Cluster of Excellence
Research for the Future of Agriculture
Crops are the cornerstones of sustainable food production. However, crop production is currently under immense pressure for several reasons. First, the growing world population demands more food, and simultaneously more renewable resources for non-food products. Second, arable land is limited, thus an increase in space is not an option. The same is true for some essential nutrients for plant production and, at the same time, climate change increases the severity of plant stress. Third, the environmental footprint needs to be reduced by limiting the use of agro-chemicals and minimizing soil degradation, water consumption, and pollution. Finally, society increasingly demands high-quality and organic food. Addressing such conflicting demands requires drastic changes in the way we produce crops. To increase crop yields while minimizing the environmental footprint under adverse conditions and in an economically reasonable way, substantial progress in our scientific understanding of novel technologies is required.
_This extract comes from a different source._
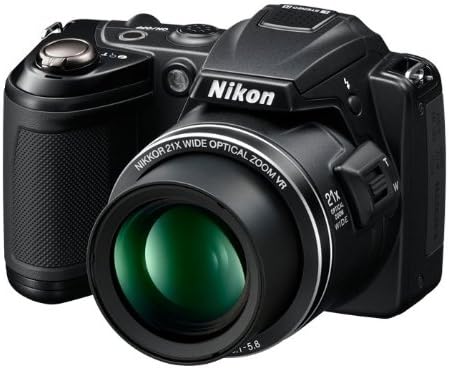 Nikon COOLPIX L120 digitalna kamera od 14,1 MP sa širokougaonim optičkim zumom od 21x NIKKOR i LCD-om od 3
Based on successful interdisciplinary research, the Cluster of Excellence PhenoRob is moving toward sustainable crop production, spanning from monitoring and understanding to assessment and identification of promising solutions. The research in the cluster will be organized along six core projects, accompanied by further exploratory research activities.
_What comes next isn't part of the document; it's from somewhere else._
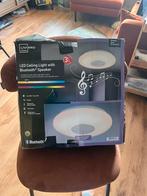 Led plafondlamp met kleuren en bluetooth speaker, Ophalen of Verzenden, Zo goed als nieuw, Metaal of Aluminium, Led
PhenoRob takes a technology-driven approach to address the challenging scientific objectives. We foresee novel ways of growing crops and managing fields, and aim at reducing the environmental footprint of crop production, maintaining the quality of soil and arable land, and analyzing the best routes to improve the adoption of technology. The novel approach of PhenoRob is characterized by the integration of robotics, digitalization, and machine learning on one hand, and modern phenotyping, modeling, and crop production on the other.
We systematically monitor all essential aspects of crop production using sensor networks as well as ground and aerial robots. These various in-field monitoring activities will generate large amounts of heterogeneous data on plants, crop stands, soil, and the environment such as weather or vegetation biodiversity. This enables a more targeted management of inputs (genetic resources, crop protection, fertilization) for optimizing outputs (yield, growth, environmental impact).
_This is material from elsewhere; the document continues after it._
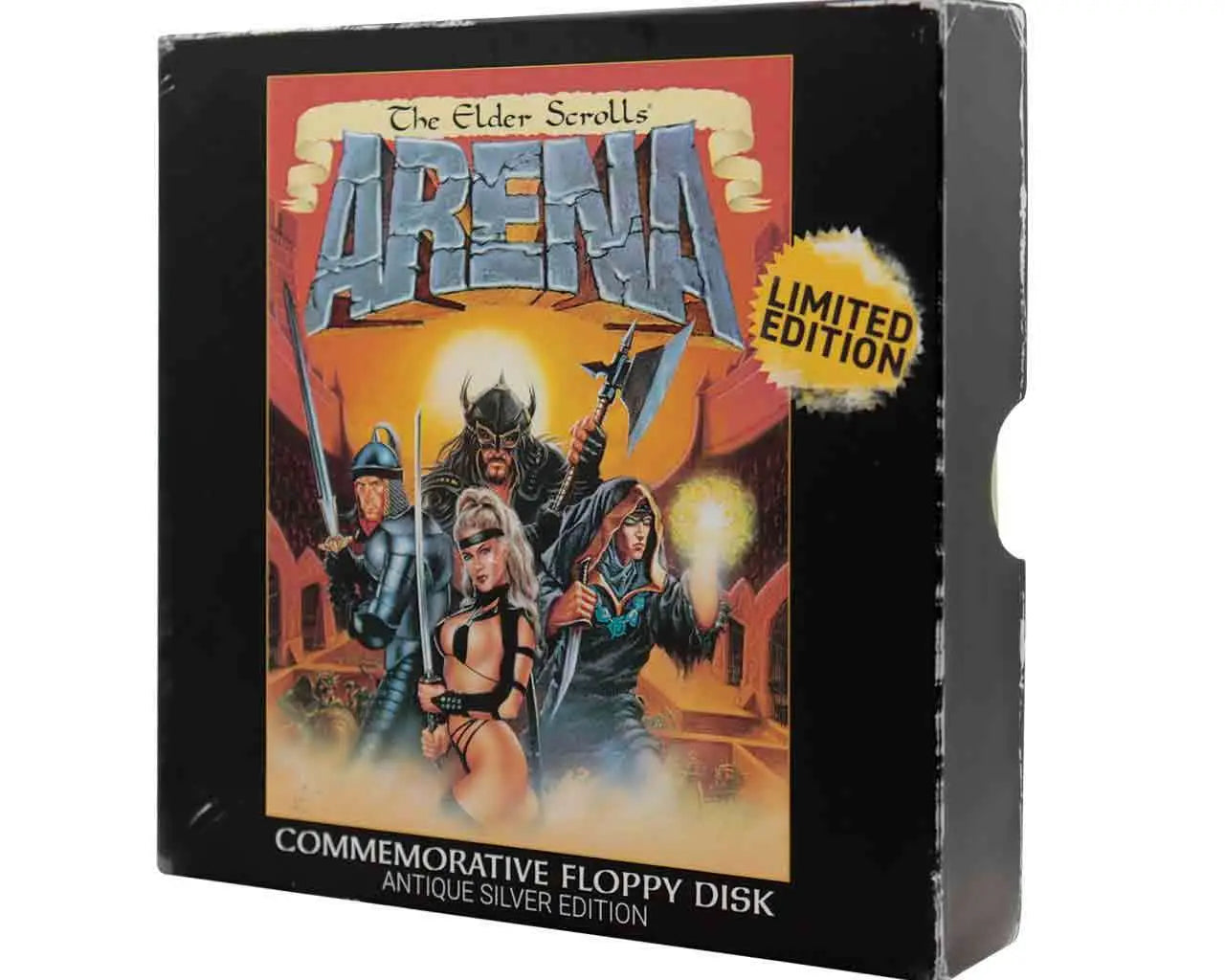 FANATTIK ELDER SCROLLS ARENA FLOPPY DISK REPLICA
We develop novel technologies to enable real-time and automated control of weeds and selective spraying and fertilization of individual plants in field stands. This helps to reduce the environmental footprint by lowering the amount of applied chemicals, improving water and nutrient use efficiency, and minimizing soil degradation and erosion.
We apply modern machine learning techniques to analyze large amounts of acquired crop data. Doing so, we improve our understanding and our models of plant growth, and of nutrient and water use efficiency, and identify correlations between inputs and outputs.
We investigate the requirements for technology adoption and socioeconomic and environmental impact of the innovations. And we predict the expected impacts of novel approaches on management decisions at the farm level.